Quiconque a déjà goûté un cidre français et un cidre américain (appelé hard cider) aura remarqué une différence marquée entre les deux. Qu’est-ce qui donne au cidre français ce goût distinctif par rapport à son cousin américain ? C’est question bête du jour.
« C’est une différence génétique des pommes car, en France, elles sont douces-amères et cette variété n’existe pas aux États-Unis », explique Patrick Collins, fondateur de Patois, une cidrerie qui a pris le parti de fabriquer la boisson à partir d’une variété de pommes anciennes. En France, particulièrement en Normandie et en Bretagne, « on cultive des variétés de pommes spécifiquement pour le cidre, comme les pommes douces, amères, et acidulées », note le producteur de Charlottesville (Virginie). Ces variétés sont souvent trop âpres pour être consommées telles quelles, mais elles donnent au cidre un profil de saveur complexe et équilibré.
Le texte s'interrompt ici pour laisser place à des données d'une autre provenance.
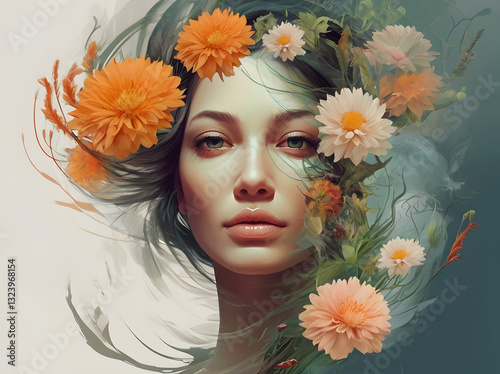 A surreal digital painting of a woman's face merging with blooming flowers symbolizing a deep connection with nature.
« Aux États-Unis, les cidres sont souvent élaborés à partir de pommes de table, principalement douces et moins tanniques », souligne Patrick Collins. Le résultat est un cidre généralement plus sec et moins sucré. Cependant, un mouvement vers « l’utilisation de variétés de pommes à cidre traditionnelles commence à prendre de l’ampleur aux États-Unis », offrant des saveurs plus proches de celles des cidres français.
La tradition et les différences culturelles pourraient également expliquer le goût sec du cidre américain. Le cidre français est souvent produit à selon la méthode traditionnelle de fermentation qui permet de préserver les saveurs naturelles des pommes tout en développant des arômes. Cette fermentation est généralement plus longue, parfois étalée sur plusieurs mois.
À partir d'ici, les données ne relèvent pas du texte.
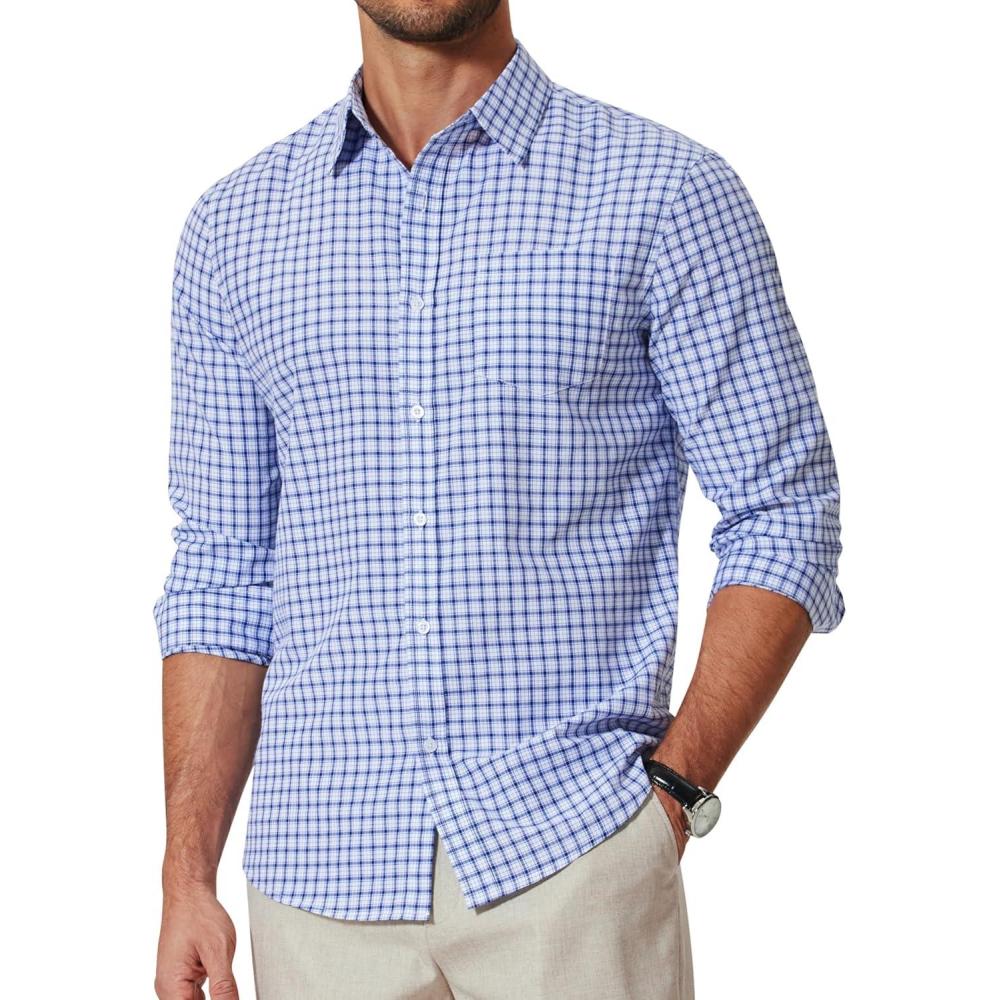 imageCOOFANDY Mens Plaid Button Down Shirt Cotton Long Sleeves Dress Shirt Wrinkle Free Casual Gingham ShirtWhite Blue Plaid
En revanche, aux États-Unis, le cidre est souvent fabriqué avec des méthodes de fermentation rapide pour répondre à la demande. Cela peut donner des saveurs plus légères et moins nuancées. Les cidres américains sont aussi souvent filtrés et pasteurisés, réduisant ainsi les arômes naturels et les tanins qui caractérisent les cidres français. Pour contrer cette tendance, « de nombreuses cidreries ont lancé un projet qui utilise seulement les pommes sauvages », souligne Patrick Collins, qui en fait partie avec son entreprise Patois.
En France, le cidre est une boisson artisanale avec des règles de production précises et une longue histoire. Les appellations d’origine contrôlée (AOC), comme celles du Cidre de Normandie ou du Cidre de Bretagne, garantissent des standards de qualité et des méthodes de production précises. Aux États-Unis, bien que certaines régions commencent à cultiver des pommes spécifiques pour le cidre, il existe moins de régulations, ce qui donne plus de liberté aux producteurs pour expérimenter.
« C’est aussi une question de climat », rappelle le producteur américain. Le terroir joue un rôle essentiel dans le goût du cidre. « En Virginie, nous avons un climat plus chaud qu’en Bretagne, donc cela produit des cidres avec plus de sucre, donc plus d’alcool par exemple », souligne-t-il. En France, les sols riches en argile et en schiste de Normandie et de Bretagne apportent aux pommes des saveurs uniques et intenses. Le conseil de notre expert pour trouver du bon cidre ? « Il faut rester local, aller voir les producteurs qui travaillent avec des pommes ‘heirloom’ ».